→ Listed records
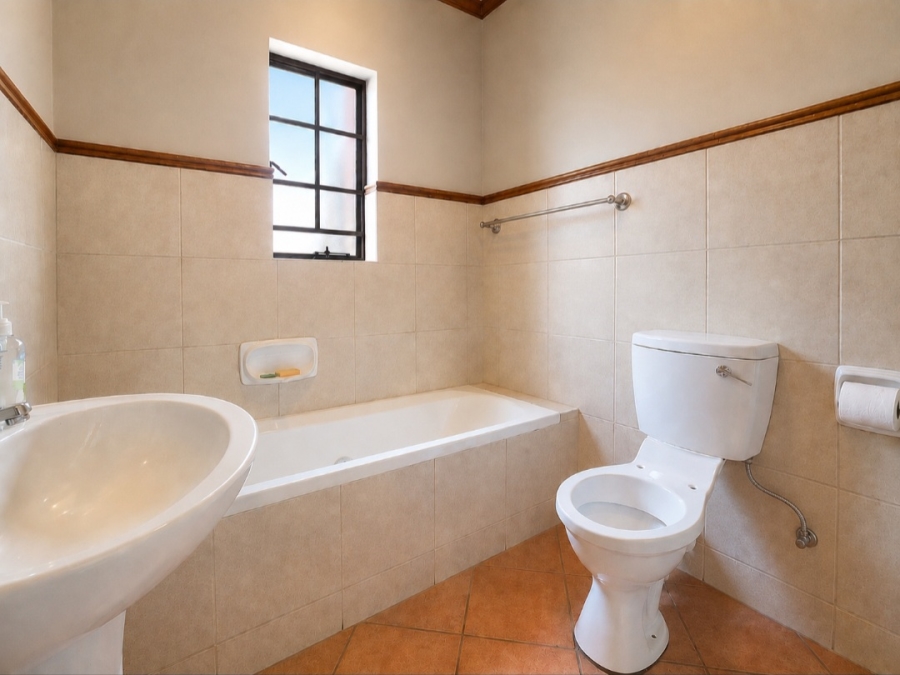 2 Bedroom Property for Sale in Eco Park Gauteng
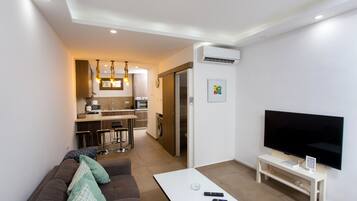 Comfort House | Living area | TV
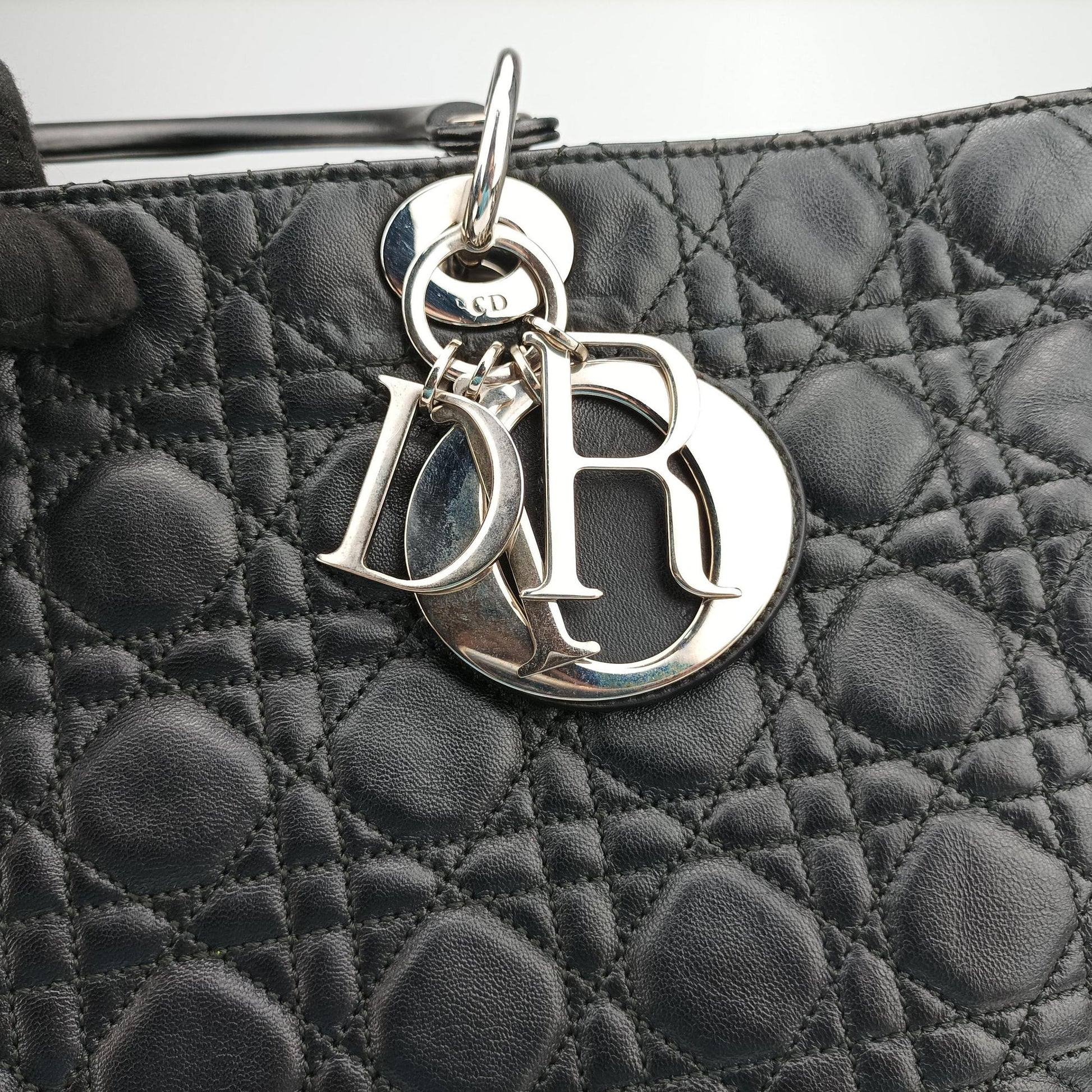 Lady Dior Black lambskin 16-MA-0110レディディオール ブラック ラムスキン 16-MA-0110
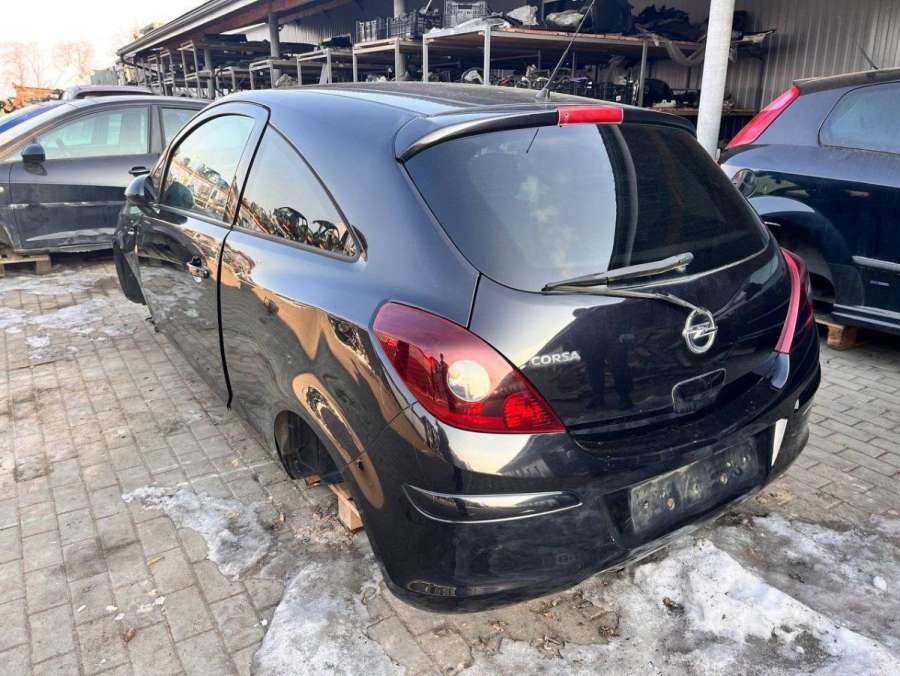 13205071 Накладка декоративная центральной консоли  Opel Corsair 2011г. | Фото № 8  13205071 Накладка декоративная центральной консоли  Opel Corsair 2011г. - Фото 8
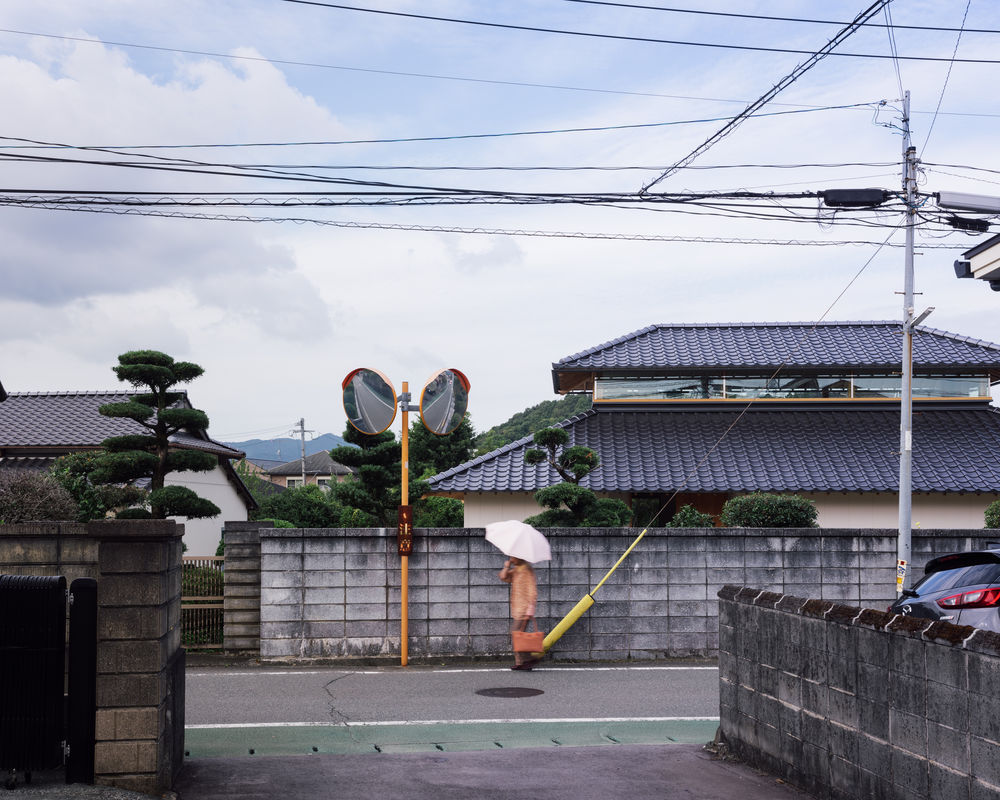 House in Matsubase | 废墟中的私密光庭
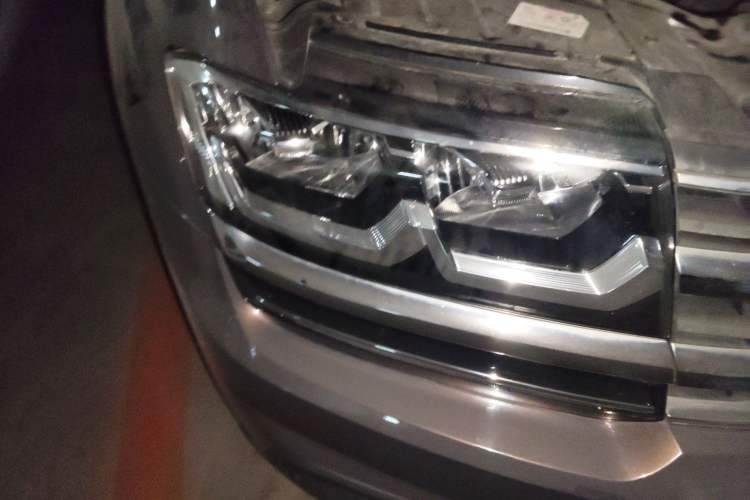 Used Volkswagen Teramont 2017 380TSI Four-Wheel Drive Luxury Edition Right Front Headlight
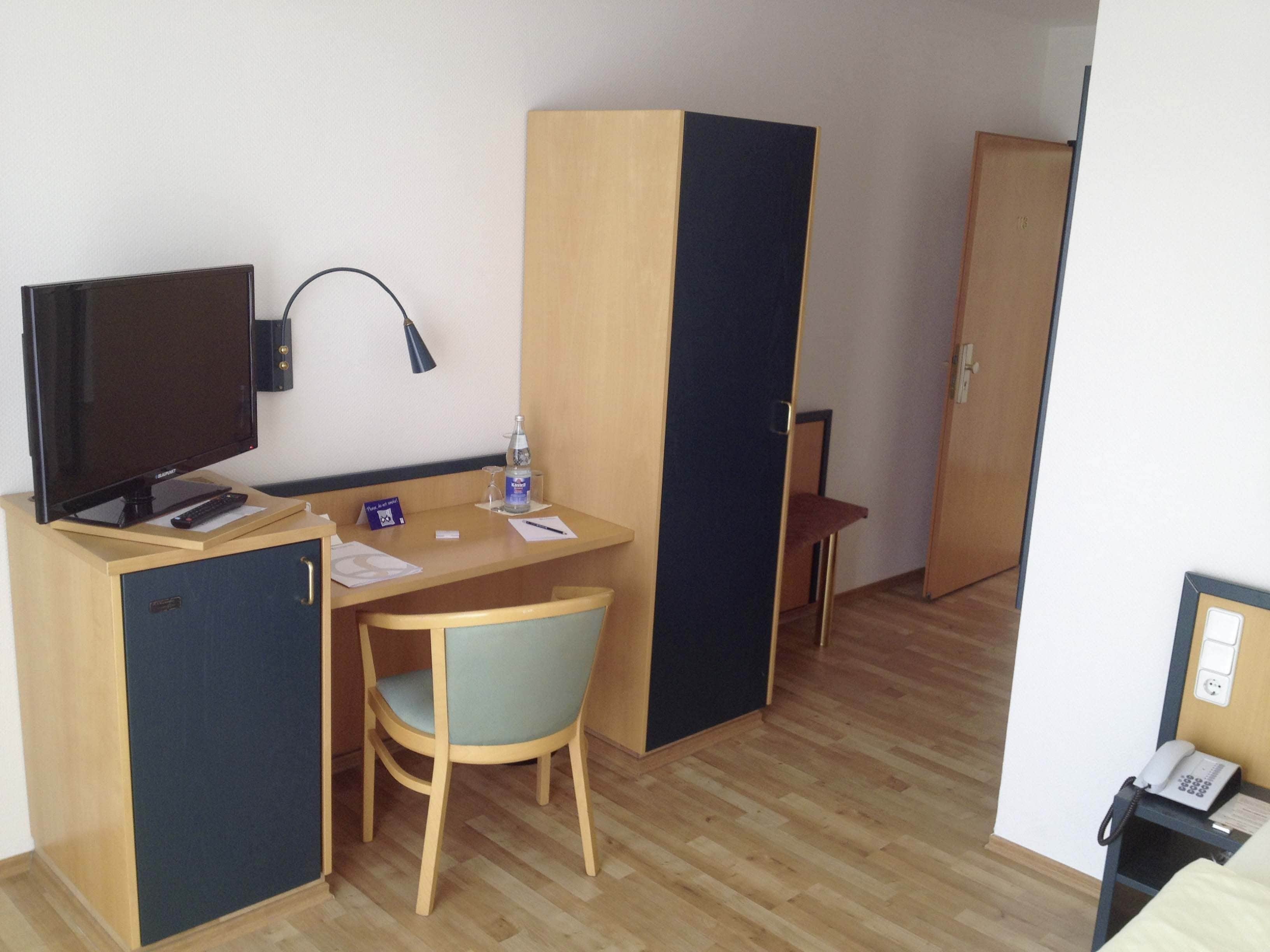 standard single room | living area | 32-inch flat-screen tv with cable channels, tv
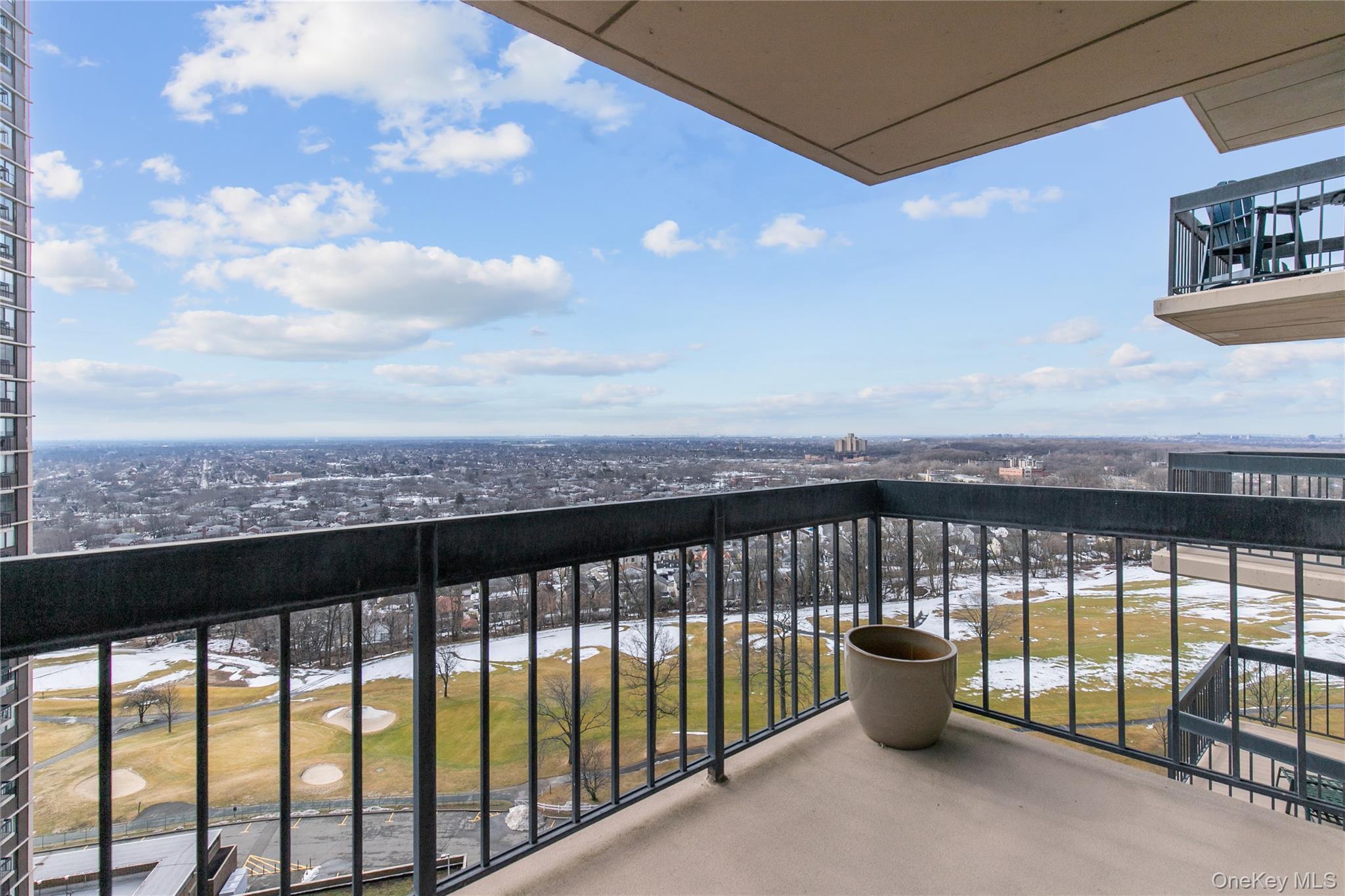 Coop Grand Central  Queens, NY 11005, MLS-962236-24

→ Prompt
Return the records above exactly as written, but without any of the pictures.

→ Task response
 2 Bedroom Property for Sale in Eco Park Gauteng
 Comfort House | Living area | TV
 Lady Dior Black lambskin 16-MA-0110レディディオール ブラック ラムスキン 16-MA-0110
 13205071 Накладка декоративная центральной консоли  Opel Corsair 2011г. | Фото № 8  13205071 Накладка декоративная центральной консоли  Opel Corsair 2011г. - Фото 8
 House in Matsubase | 废墟中的私密光庭
 Used Volkswagen Teramont 2017 380TSI Four-Wheel Drive Luxury Edition Right Front Headlight
 standard single room | living area | 32-inch flat-screen tv with cable channels, tv
 Coop Grand Central  Queens, NY 11005, MLS-962236-24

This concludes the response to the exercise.